The end closure 2 comprises only one induced buckle coin 6 in one of four distinct quadrants I-IV having substantially equal areas. In some embodiments, the one distinct quadrant (e.g., quadrant I or IV) is substantially devoid of the score line 40. In one embodiment, the interruption in the interrupted panel coin 10 is positioned proximate to the induced buckle coin 6. Like the induced buckle coin 6, the interruption in the interrupted panel coin 10 creates an area of weakness. Accordingly, when the pressure within the container comprising the end closure 2 reaches a pressure above a predetermined level, any buckling of the end closure 2 may be initiated near the induced buckle coin 6 and away from the score line 40. In certain embodiments, the width of the interruption in the interrupted panel coin 10 (i.e., the portion of the panel radius 8 not coined) may correlate with the width or length of the induced buckle coin 6. Additionally, the width of the interruption may be measured in inches (or another unit of length/distance) or degrees around the central panel 4. Thus, in one embodiment, the induced buckle coin 6 is approximately 0.054-0.056 inches wide and the interruption in the interrupted panel coin 10 is approximately 0.150-0.152 inches.

FIG. 5 shows section 5-5 of the end closure 2 of FIG. 4 in a cross sectional perspective view. The end closure 2 has an interrupted panel coin 10 manufactured into the panel radius 8 of the end closure 2. The central panel 4 is interconnected to the inner panel wall of the countersink 28 through a radius of curvature R8. As can be seen in FIG. 5, the interrupted panel coin 10 has a substantially flat upper surface. In some embodiments, the non-continuous panel coin 10 may be coined and thus have a substantially flat upper surface and a rounded lower surface. In other embodiments, the non-continuous panel coin 10 may have a substantially linear cross-sectional shape.

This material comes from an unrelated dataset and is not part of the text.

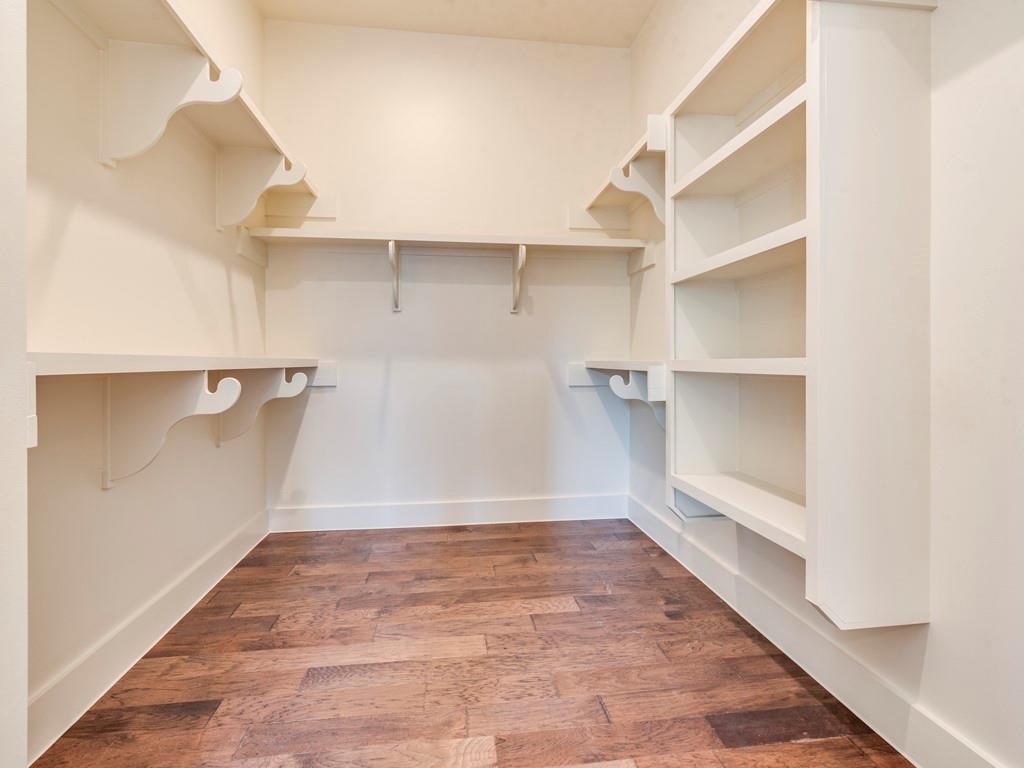 6412 Carson Rdg # B, Austin, TX 78741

In one embodiment, the interrupted panel coin 10 has one interruption (i.e., the area of the central panel 4 or the panel radius 8 not comprising the interrupted panel coin 10) located proximate to the induced buckle coin 6. Thus, both the interruption in the interrupted panel coin 10 and the induced buckle coin 6 are positioned in only one of four distinct quadrants (I-IV) having substantially equal areas. In other embodiments, the interrupted panel coin 10 may have more than one interruption.

FIG. 6 is section 6-6 of the end closure 2 of FIG. 4. As is shown in FIG. 4, section 6-6 is cut through a section of the end closure 2 with the interrupted panel coin 10 and without the induced buckle coin 6. Thus, FIG. 6 shows the cross-section of the central panel 4 with the interrupted panel coin 10, the panel radius 8, the countersink 28, the chuck wall 26, and the peripheral curl 24. The countersink 28 comprises a countersink outer panel wall 30 interconnected to the chuck wall 26 and a countersink inner panel wall 32 interconnected to the outer peripheral edge of the central panel 4 by the panel radius 8. The panel radius 8 has a radius of curvature R8, which may range from approximately 0.018″ to 0.022″. FIG. 6, like FIG. 4, shows the end closure 2 after the interrupted panel coin 10 has been manufactured into the end closure.

FIG. 7 shows the public side of a third embodiment of an end closure 2. The end closure 2 may comprise a central panel 4, a tab 12, and a countersink 28 interconnected to a chuck wall interconnected to a peripheral curl 24. The tab 12 may comprise a tab nose 16 opposite a tab tail 14 and a lift ring 18. The tab 12 may be interconnected to the central panel 4 using a rivet 34. The central panel 4 may comprise an induced buckle coin 6, a deboss area 36, and a score line 40 defining a tear panel or pour opening 42.

More specifically, FIG. 7 shows the end closure 2 after a continuous panel coin 11 that extends 360° around the central panel 4 has been manufactured into the panel radius, which is positioned between the central panel 4 and the countersink 28 inner panel wall 32. The end closure 2 of FIG. 7 has a continuous panel coin 11, whereas the end closure of FIG. 4 has a rounded panel radius 8. The continuous panel coin 11 is a primary coined region which extends continuously around the outer peripheral edge of the central panel 4. The continuous panel coin 11 is a 360° flattened shoulder that has been strain hardened through a thinning process to increase the buckle resistance of the container through increased rigidity.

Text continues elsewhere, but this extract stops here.